To realize an efficient deep-blue OLED device, a donor-spacer-acceptor-type of DTPCZ with bipolar characteristics was successfully synthesized; its characteristics were confirmed. Cz was used as the donor, a Tz moiety was introduced as the acceptor, and a p-xylene group was adopted as the spacer to control the twisted structure of the molecule, as well as the electron densities of the HOMO and LUMO levels. When DTPCZ was applied to the EL-doped device, a CE of 1.2 cd/A, an EQE of 2.3%, and a PE of 0.7 lm/W were achieved.
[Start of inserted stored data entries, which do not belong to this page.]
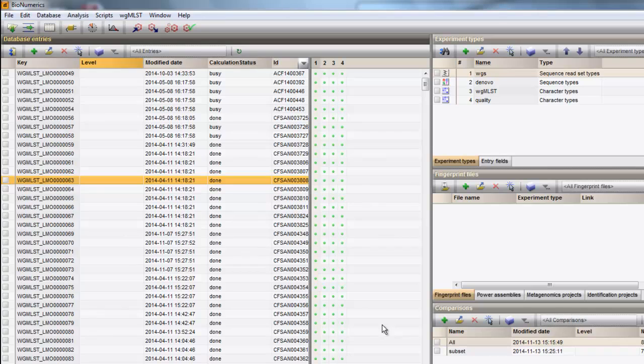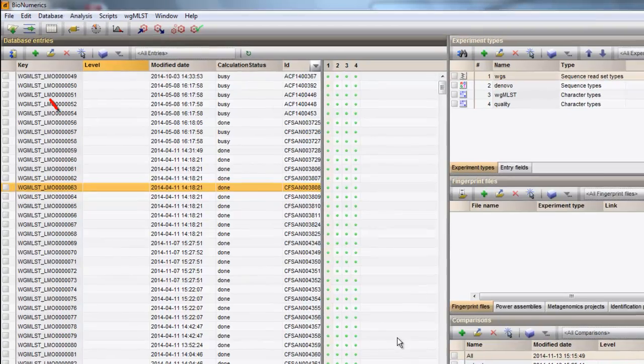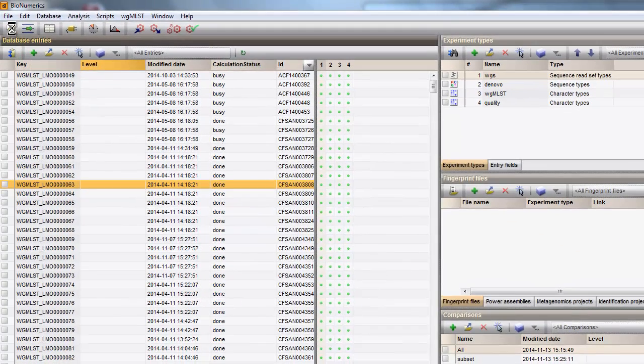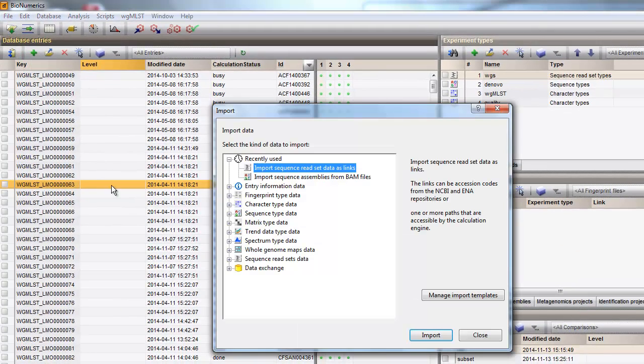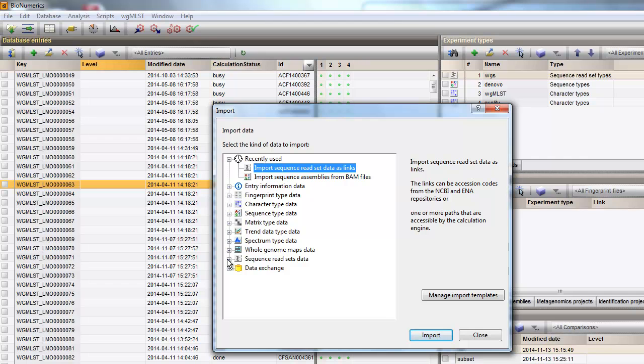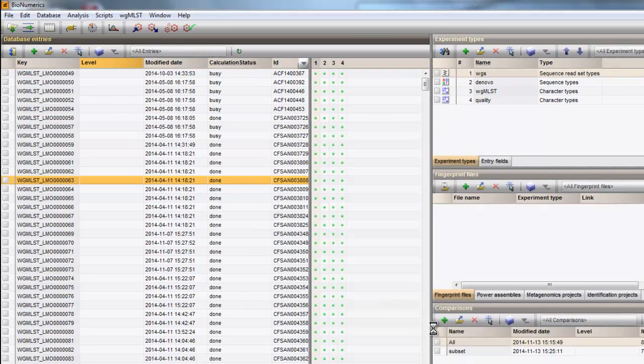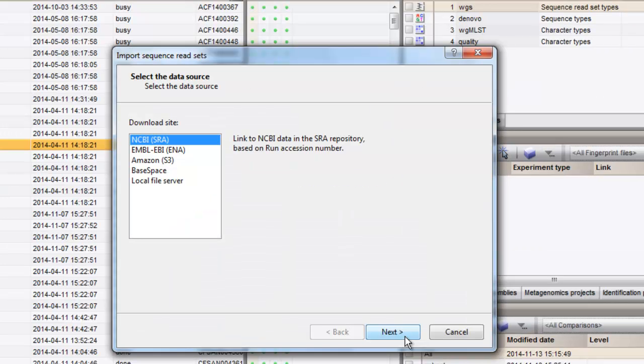The way to proceed then is to follow the import wizard to sequence read set data, import sequence read set data as links. Here you have an overview of the available data sources where you can link to. Depending on the choice of import, other parameters may be required in the import sequence read set dialog box.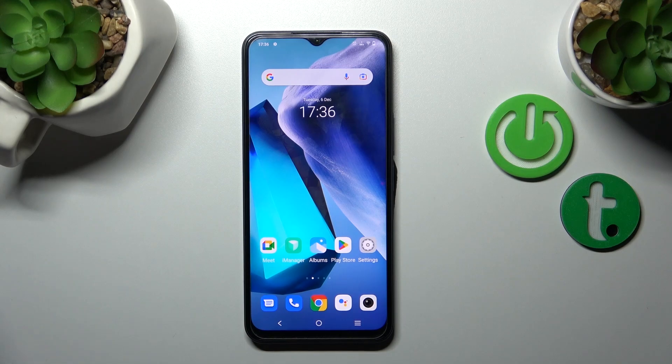Hi, it is the Vivo Y35 and I'll show you how to turn on the Always On Display feature on this device.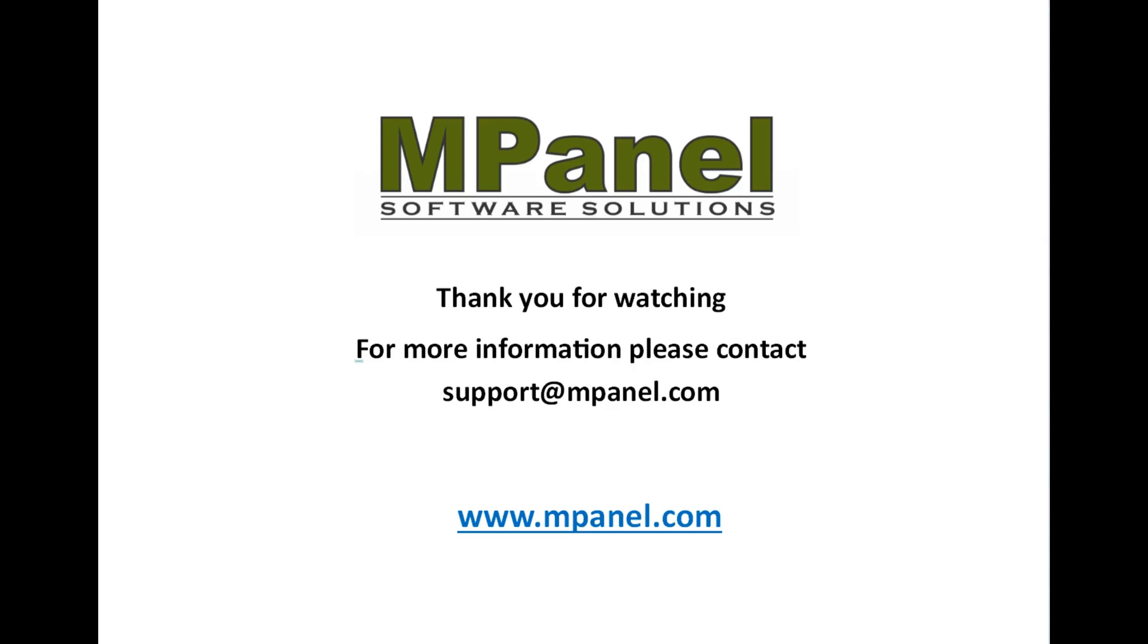Thank you for watching. For more information, please contact support at mpanel.com.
Additionally, the CIE y-value was 0.06, which is near the 0.08 value specified for OLED televisions and required for the development of deep-blue device platforms. In the future, it will be possible to develop many bipolar derivatives by using the strategies proposed in this study for deep-blue material design. Furthermore, this molecular design approach is applicable to various fields, including organic semiconductors.